The interactions between the Council and the SSC are what create fishing policies in the U.S. However, these interactions are often times very bitter and it is easy to see why. The SSC tends to be very conservative. They are scientists and they want to conserve the fish. On the contrary, the Council is largely made up of fishermen and they want the SSC to raise the ABC recommendation so that more fish can be caught and sold.
The Council and the SSC really do have a love-hate relationship. They love each other because they help each other in policy-making but they also hate each other for their disagreements on the catch limit. It’s already a better love (or hate) story than Twilight and this is just one of the many challenges that U.S. fisheries face.
As students studying fisheries management in the U.S. and how this might impact lionfish invasions, we were fortunate enough to have a Skype call with Scott Crosson, an expert in this field. Scott Crosson is a National Ocean and Atmospheric Administration (NOAA) economist and is also a member of the SSC.
Dr. Crosson explained to us how stock assessments are made from fishery-dependent and fishery-independent data. Fishery-dependent data is obtained through recorded landings from commercial fishermen and recreational anglers. On the other hand, fishery-independent data is often collected by NOAA boats that capture and record samples of fish species. Both forms of data collection are used in forming stock estimates.

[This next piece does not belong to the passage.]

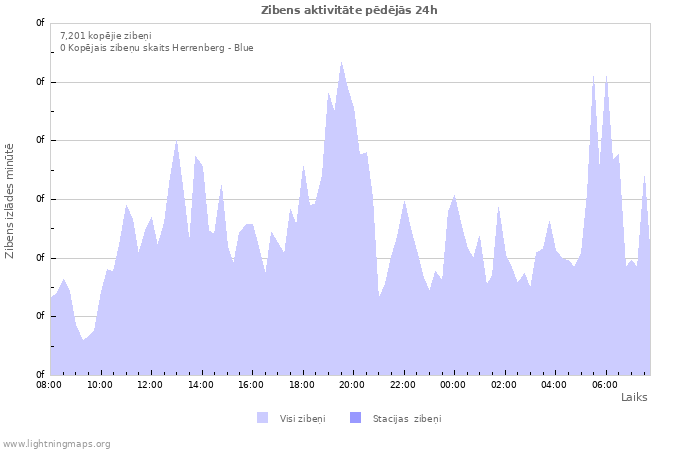 Grafiki: Zibens aktivitāte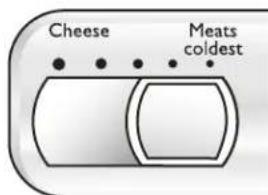 AMANA AC 2224 - Temperaturregulert skuff (enkelte modeller) - 1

However, in the U.S. Virgin Islands (USVI), there is no data from recreational fishers. Absence of data will make stock estimates less accurate. Furthermore, fishermen in the USVI sell their own catch. Dr. Crosson estimates that 50% of U.S. Caribbean fishermen do not turn in government-required forms that state what type of fish they are catching and how many. In addition, lionfish are not a main food source and so are not usually harvested. Therefore, stock estimates of lionfish may be inaccurate.
And thus, by looking at lionfish invasions from just the fisheries management perspective, we already see many challenges ahead. These are challenges that are not only concerned with lionfish invasions as an environmental problem, but are also concerned with the flaws and imperfections of the USVI fishery system as a whole. In order to solve this problem, multiple perspectives from various disciplines need to be considered. Hopefully, one day, lionfish will be eradicated from the Atlantic reefs.